▶ Exercise prompt
Your answer should be every line of the entries that has the string "with" in it.

▶ Records provided
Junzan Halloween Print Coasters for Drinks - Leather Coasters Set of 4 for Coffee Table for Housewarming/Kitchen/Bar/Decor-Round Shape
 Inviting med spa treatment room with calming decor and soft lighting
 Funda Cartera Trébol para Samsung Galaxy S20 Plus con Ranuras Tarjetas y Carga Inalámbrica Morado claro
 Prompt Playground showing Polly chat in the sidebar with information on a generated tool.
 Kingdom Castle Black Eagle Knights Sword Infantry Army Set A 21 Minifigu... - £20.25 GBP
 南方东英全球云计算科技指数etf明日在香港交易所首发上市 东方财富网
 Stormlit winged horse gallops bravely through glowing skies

▶ Answer to the problem
 Inviting med spa treatment room with calming decor and soft lighting
 Prompt Playground showing Polly chat in the sidebar with information on a generated tool.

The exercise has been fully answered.